▶ _Task statement_: An exact copy of all the data below is needed, without its pictures.

(Image-caption web data)
========

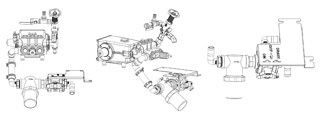 Pump and Water Supply Assembly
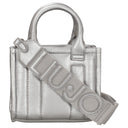 Liu Jo Ridhi - Henkeltasche XS 18 cm (elephant metallizzat) - Markenkoffer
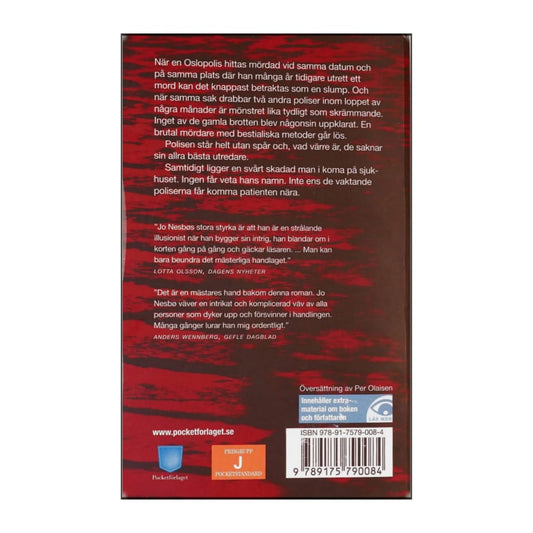 Jo Nesbø: Polis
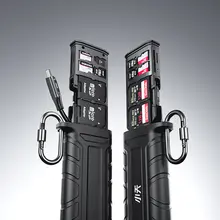 USB3.1対応 多機能SDカードリーダー【Type-C接続・高速度データ転送・カメラ・スマホ・パソコン対応】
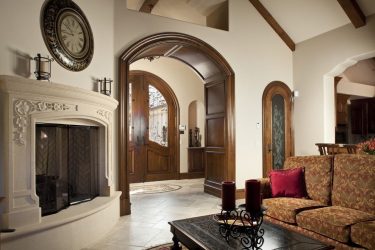 Tipos de bela arca de Drywall (mais de 210 fotos): design de interiores do-it-yourself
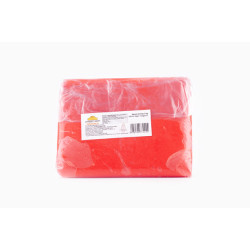 Unidec orange fondant 500g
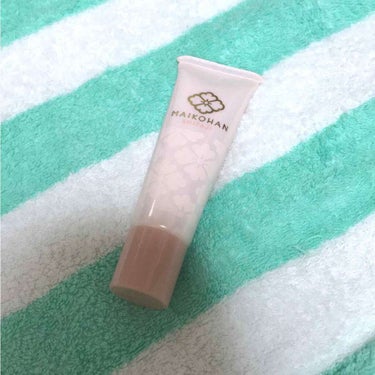 サナ  舞妓はん 化粧下地01
桜色(ピンクベージュ)

25ｇ  1300円＋税💰

SPF30  PA＋＋＋

良い点👍
日焼け止め効果がある！
よく伸びる！
肌が綺麗に白くなる！
プチプラで安い！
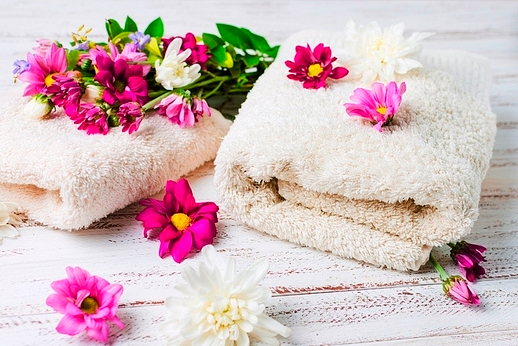 How to Prevent Towels From Smelling Bad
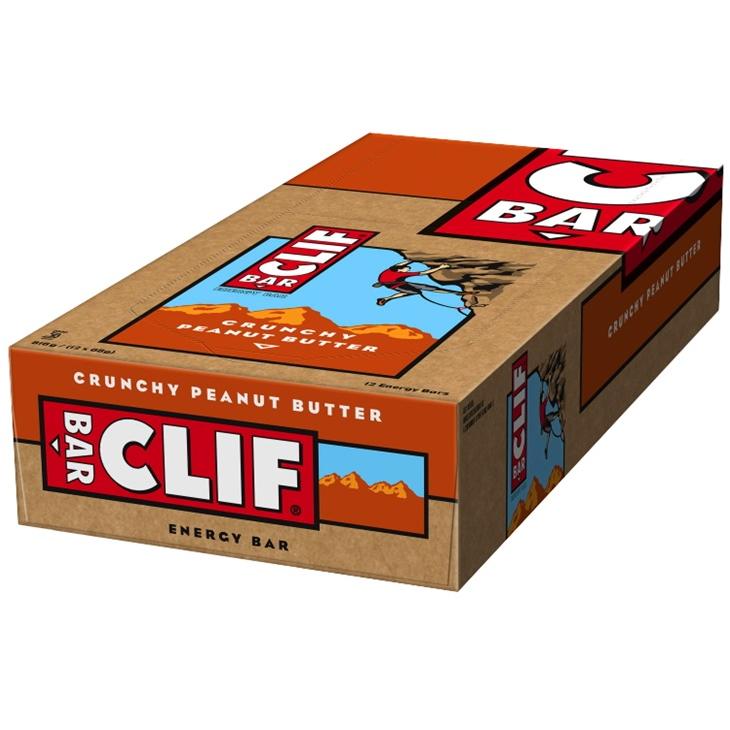 CLIF Bar - Energie-Riegel 12 x 68g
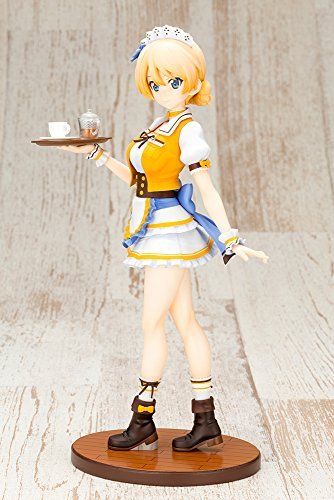 Kotobukiya Girls und Panzer Darjeeling Coco`s Uniform Ver. 1/7 Scale Figure NEW_3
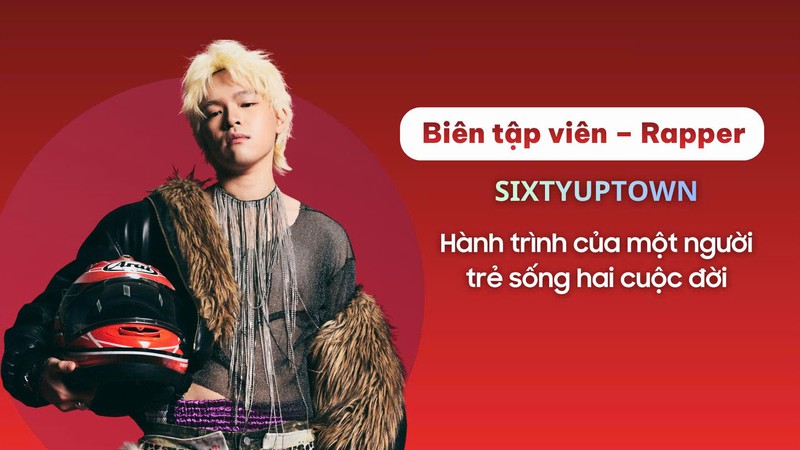 Tre Stuckey Rapper Song Tre News - Biên tập viên - Rapper SIXTYUPTOWN: Hành trình của một ...
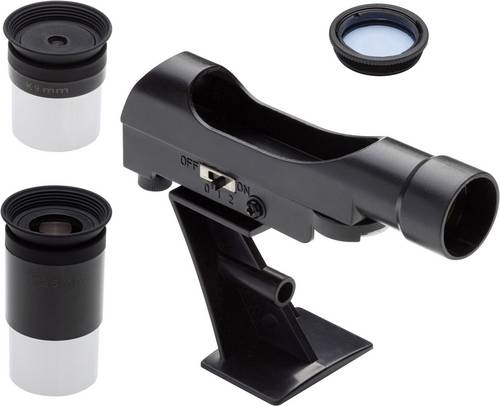 Bresser Optik Messier 5" Dobson Spiegel-Teleskop Newton Vergrößerung 26 bis 260 x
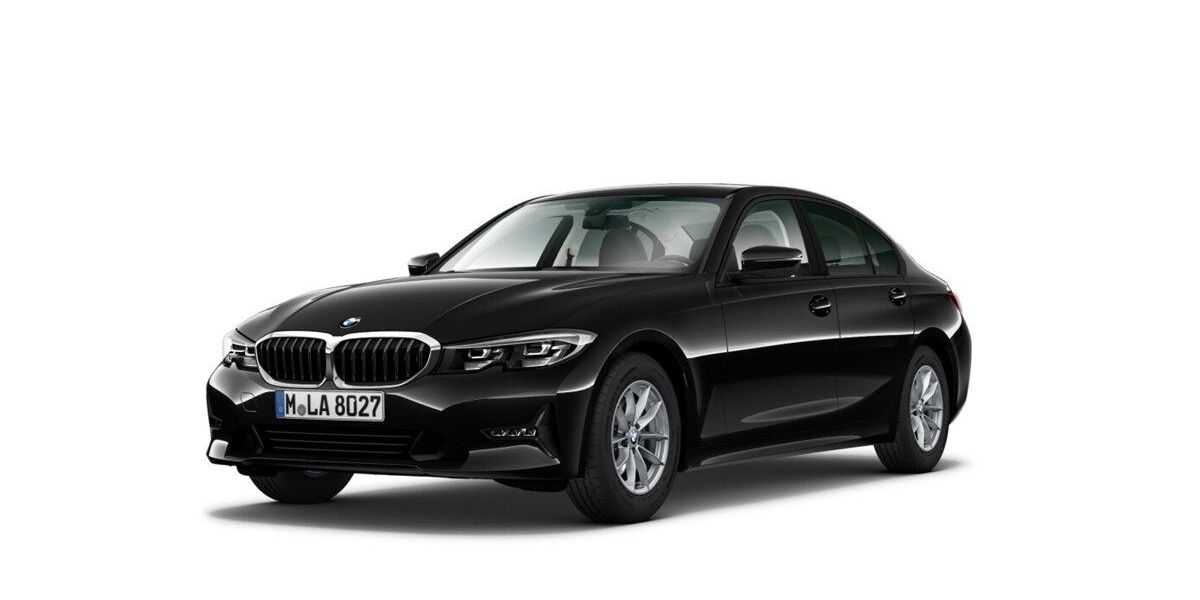 BMW 318 45.675 km 24.989 &euro; Rödermark 63322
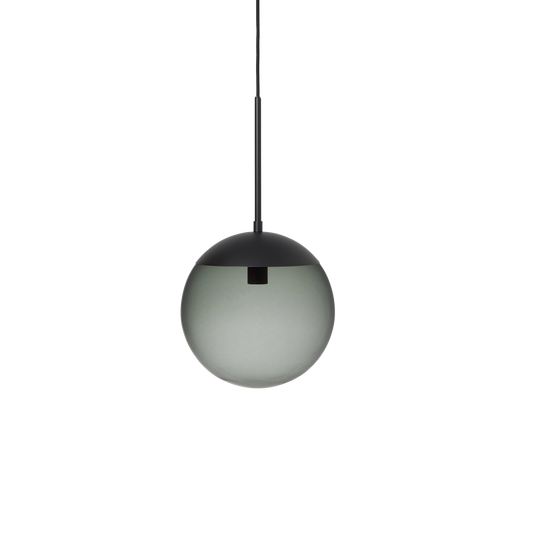 Takpendel Lord 1 pendant Ø300 fra Rubn, er den enkle og perfekte lampen du alltid har lett etter. Heng den opp i en gang, på et soverom eller over et spisebord.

========

▶ _Solution for this exercise_:
 Pump and Water Supply Assembly
 Liu Jo Ridhi - Henkeltasche XS 18 cm (elephant metallizzat) - Markenkoffer
 Jo Nesbø: Polis
 USB3.1対応 多機能SDカードリーダー【Type-C接続・高速度データ転送・カメラ・スマホ・パソコン対応】
 Tipos de bela arca de Drywall (mais de 210 fotos): design de interiores do-it-yourself
 Unidec orange fondant 500g
 サナ  舞妓はん 化粧下地01
桜色(ピンクベージュ)

25ｇ  1300円＋税💰

SPF30  PA＋＋＋

良い点👍
日焼け止め効果がある！
よく伸びる！
肌が綺麗に白くなる！
プチプラで安い！
 How to Prevent Towels From Smelling Bad
 CLIF Bar - Energie-Riegel 12 x 68g
 Kotobukiya Girls und Panzer Darjeeling Coco`s Uniform Ver. 1/7 Scale Figure NEW_3
 Tre Stuckey Rapper Song Tre News - Biên tập viên - Rapper SIXTYUPTOWN: Hành trình của một ...
 Bresser Optik Messier 5" Dobson Spiegel-Teleskop Newton Vergrößerung 26 bis 260 x
 BMW 318 45.675 km 24.989 &euro; Rödermark 63322
 Takpendel Lord 1 pendant Ø300 fra Rubn, er den enkle og perfekte lampen du alltid har lett etter. Heng den opp i en gang, på et soverom eller over et spisebord.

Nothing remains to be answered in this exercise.